La théorie, inaugurée en 1870, qu’il ne fallait pas faire un pas avant d’être muni comme à une parade du camp de Châlons, inspirée en grande partie par le général Trochu représenté à l’état-major général par Lebrun, constitue une véritable éclipse de la raison militaire. Le « débrouillez-vous » avait sans doute été poussé trop loin ; mais il ne faut pas le dédaigner. C’est cette ardeur qui nous a faits grands et qui nous rendra de nouveau grands. Quand une armée a des fusils, des canons, des cartouches, des obus, qu’elle est chez elle ou dans un pays riche et peuplé, non dans des steppes ou dans un désert, manquât-elle d’une portion de ses approvisionnemens et de ses objets de campement, elle est prête, et elle doit, à tout risque, marcher en avant ; ce qui lui manque peut toujours être suppléé.

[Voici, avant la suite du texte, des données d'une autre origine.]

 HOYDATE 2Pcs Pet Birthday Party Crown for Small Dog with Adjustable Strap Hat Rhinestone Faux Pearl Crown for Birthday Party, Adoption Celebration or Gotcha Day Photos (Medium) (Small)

Ici notre autorité sera encore plus haute : « Quand on a bonne volonté d’entrer en campagne, disait le jeune général de l’armée d’Italie, il n’y a rien qui arrête. » — « Il est des circonstances, disait le vainqueur d’Iéna dans son bulletin, où aucune considération ne doit balancer l’avantage de prévenir l’ennemi et d’attaquer le premier[1]. » Et l’Empereur aux abois le répétait avec véhémence à un de ses premiers compagnons d’armes, Augereau, dans une lettre historique (21 février 1814) qu’il faut toujours lire dans les circonstances critiques : « Les six bataillons de la division de Nîmes manquent d’habillement et d’équipement et sont sans instruction ? quelle pauvre raison me donnez-vous là, Augereau ! J’ai détruit 80 000 ennemis avec des bataillons composés de conscrits, n’ayant pas de gibernes et étant mal habillés ! Vous manquez d’attelages ? prenez-en partout. Vous n’avez pas de magasins ? ceci est par trop ridicule. Je vous ordonne de partir douze heures après la réception de cette lettre pour vous mettre en campagne. Si vous êtes toujours l’Augereau de Castiglione, gardez le commandement ; si vos soixante ans pèsent sur

  1. Au Directoire exécutif, 27 germinal an V. Voir aussi Lettre au général Clarke, 5 novembre 1807.